Hi all.. I have some paint scratched off at the bottom of my dslr..  I got a can of matt black paint and just with a brush did a few touch ups. 
After 3 days of drying in, it looked like a very good job. Problem is that when the camera gets warm, the paint starts to get sticky and if it touches anything , it starts to come off... 

I also saw some guys selling a small portion of dslr touch up paint in ebay... is that durable ? Or anyone has any other idea ?


----------



## 480sparky (May 30, 2015)

If it's black you need, try a can of high-temp paint used for engines or barbeques.


----------



## nerwin (Jun 2, 2015)

I'd just leave it.


----------



## Designer (Jun 2, 2015)

Who knew cameras are painted?

First, you need to remove all of whatever kind of paint you used already.  Get it ALL off.

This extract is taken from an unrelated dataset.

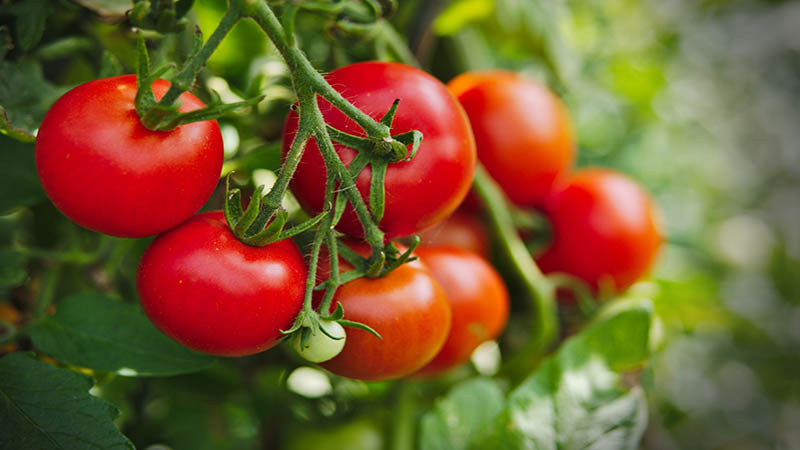  تولید ۲۸۰ هزار تن گوجه فرنگی در مناطق معتدل کرمانشاه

Then find a paint that is compatible with the base material and usage.


----------



## ronlane (Jun 2, 2015)

I would have left it alone. Scratches give it character and show that its been used.


----------



## Dave442 (Jun 2, 2015)

I would leave the worn look. Also, for any painting I think you will need a primer coat to give adhesion for the paint coat. The primer would depend on having a plastic or magnesium body. I would not want to use any of these chemicals around my camera. I am actually surprised at how little of the coating has worn off my cameras and is mostly in areas that if repainted would wear off again very soon.


----------



## unpopular (Jun 2, 2015)

This is just part of a cameras life.

But if you're really wanting to repaint it, car touchup paint or model enamel should work.

Sharpee also makes oil-based markers. You can get them at craft stores, office supply chains or college bookstores. Only use Sharpee brand. Less expensive brands are far inferior.


----------